La sortie du film Les figures de l’ombre a mis sur le devant de la scène le rôle de femmes, noires qui plus est, dans le développement des programmes spatiaux de la NASA. Ces personnes subissaient alors un double handicap : noires, elles ne pouvaient pas accéder aux postes de responsabilité réservés aux blancs dans une Amérique ségréguée ; femmes, elles étaient considérées comme moins intelligentes, moins douées en science que les hommes.
(...) Le Moyen Âge ne pensait pas l’aptitude aux sciences en termes de race : les savants arabes ont été abondamment utilisés par les universitaires, que ce soit pour comprendre Aristote, pour la médecine… Les femmes en revanche ont une place bien plus discrète dans le développement de la science. Les universités sont pendant longtemps réservées aux clercs, donc par définition fermées aux femmes. (...)
Entrer en religion : un facteur d’ascension pour les femmes ?
Pourtant, on trouve quelques cas de femmes qui ont poussé leurs études si loin qu’elles deviennent des références dans ces matières réservées aux hommes. Pour cela, elles doivent prendre le voile.

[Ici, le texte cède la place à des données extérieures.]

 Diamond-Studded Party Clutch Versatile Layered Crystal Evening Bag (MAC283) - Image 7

Les dirigeants des ordres religieux au milieu du Moyen Âge sont souvent les rejetons de grands aristocrates, et c’est également vrai pour les femmes : (...)

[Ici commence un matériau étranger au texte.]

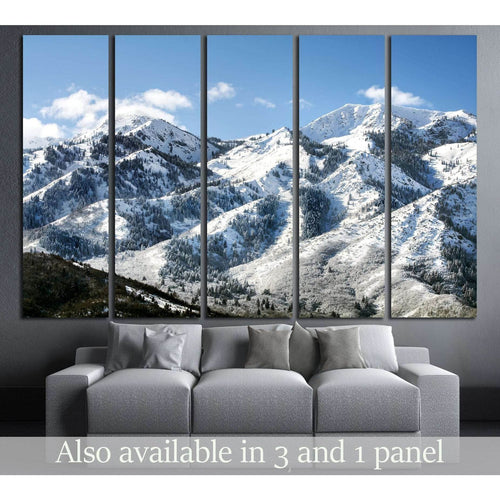 snow mountains and forest №3204 - Canvas Print / Wall Art / Wall Decor / Artwork / Poster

L’exemple le plus célèbre est sans doute Hildegarde de Bingen. Il s’agit d’une religieuse allemande du XIIe siècle. On la connaît surtout pour la musique qu’elle a composée, notamment soixante-dix-sept symphonies. Or la musique au Moyen Âge est une science, un des « arts libéraux » qui constituent le cursus universitaire de base, et est proche des mathématiques. Elle s’occupe également de médecine et d’astrologie, des sciences étudiées à l’université, mais dont elle a pu faire l’apprentissage dans son couvent auprès d’autres femmes lettrées. Son statut de religieuse lui permet d’en remontrer aux puissants de ce monde, et en fait la conseillère des papes, des rois, et de l’empereur Frédéric II Barberousse.
Le savoir par le scandale
Hildegarde n’est qu’un exemple parmi d’autres, mais qui témoigne aussi de l’éducation des femmes d’une élite restreinte. (...)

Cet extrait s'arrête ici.